Unofficial Editorials January Cook Off

preda2or · January 22, 2018, 2:10am

your solution fails too @vijju123

vijju123 · January 22, 2018, 2:14am

Lmao yeah XD. If anything, my solutions always find something in the cook off :3 . The most hilarious was, when my brute force got accepted in p3 XD (I think @kingofnumber was the setter of that one)

vijju123 · January 22, 2018, 2:15am

Its not hard to miss Invitation for January Cook Off, 2018 - general - CodeChef Discuss

Invitation threads, by default, are feedback threads as well.

preda2or · January 22, 2018, 2:24am

more than 75% solutions of SURVIVIE would have failed if only the corner cases were designed properly.

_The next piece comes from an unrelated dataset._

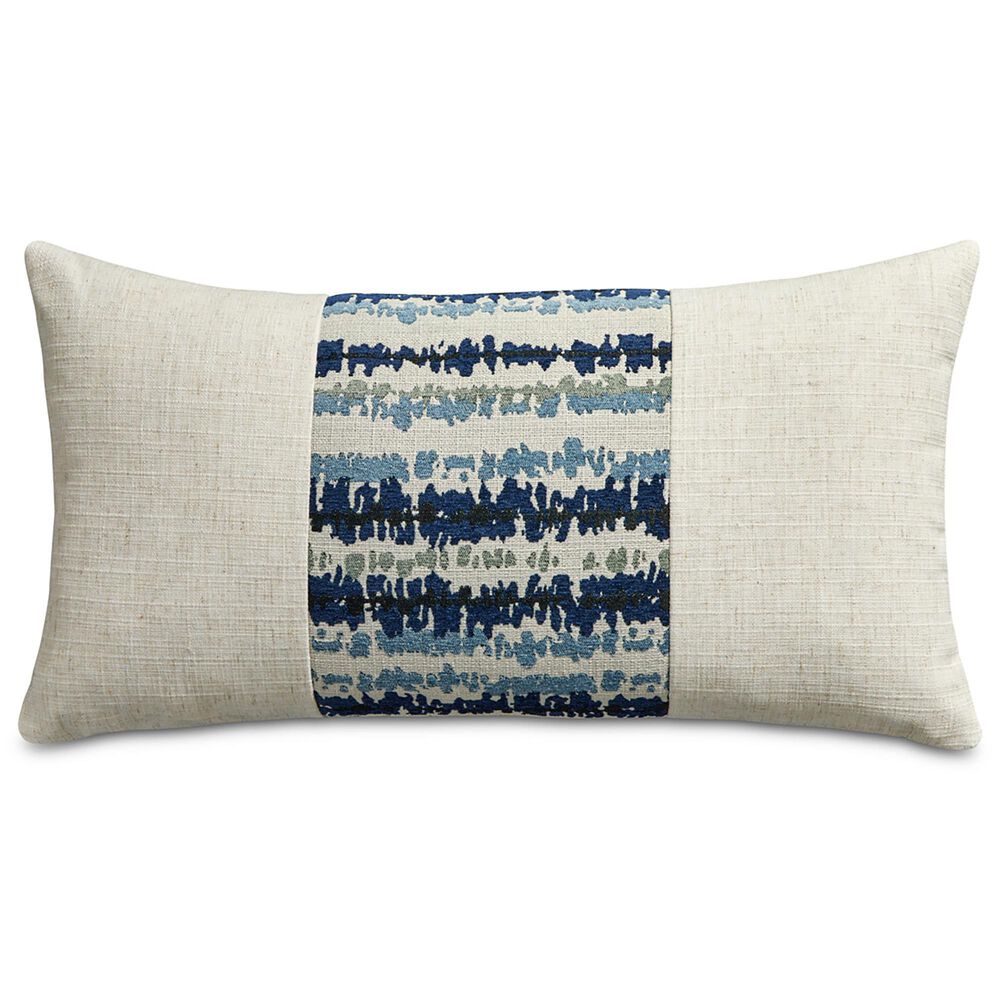 Vista Haus Antigua 13" x 24" Lumbar Throw Pillow in Navy, , large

vijju123 · January 22, 2018, 2:26am

Yup, I did expected a corner case somewhere on lines of not buying on sunday giving -1. But I think those cases also have N<K or some other condition which made them weaker- and hence lack of an individual case with this feature alone.

BTW, do discuss that in feedback thread, the setter will value your insight surely.

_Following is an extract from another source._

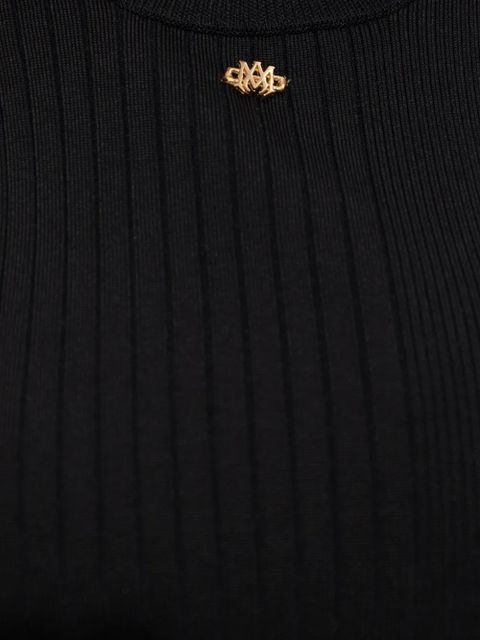 AMIRI logo-plaque tank top - Black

harrypotter0 · January 22, 2018, 11:39am

Didn’t get that.

vijju123 · January 22, 2018, 9:01pm

It fails on the corner case of “9 8 10” where it should print -1. Lucky that cases were weak

harrypotter0 · January 22, 2018, 9:39pm

@vivek_1998299 could you explain that in a bit simpler way …for noobs like me .

vivek_1998299 · January 22, 2018, 9:51pm

Ohk so lets say that elements from 1 to i-1 and its opposite side n-i+1 to N are arranged in an order .So lets say N=6 ,i=2 so we consider that a[1]<a[2] and a[5]>a[6] and lets say that we know the minimum swaps required to do this arrangement ,then we can calculate it for i=3.

So dp[i][2] indicates the minimum number of swaps required to make array great for indices 1 to i and its opposite side ,dp[i][0] denotes minimum value if i and N-i+1 indices are not swapped ,similarly dp[i][1] denotes minimum value if i and N-i+1 are swapped.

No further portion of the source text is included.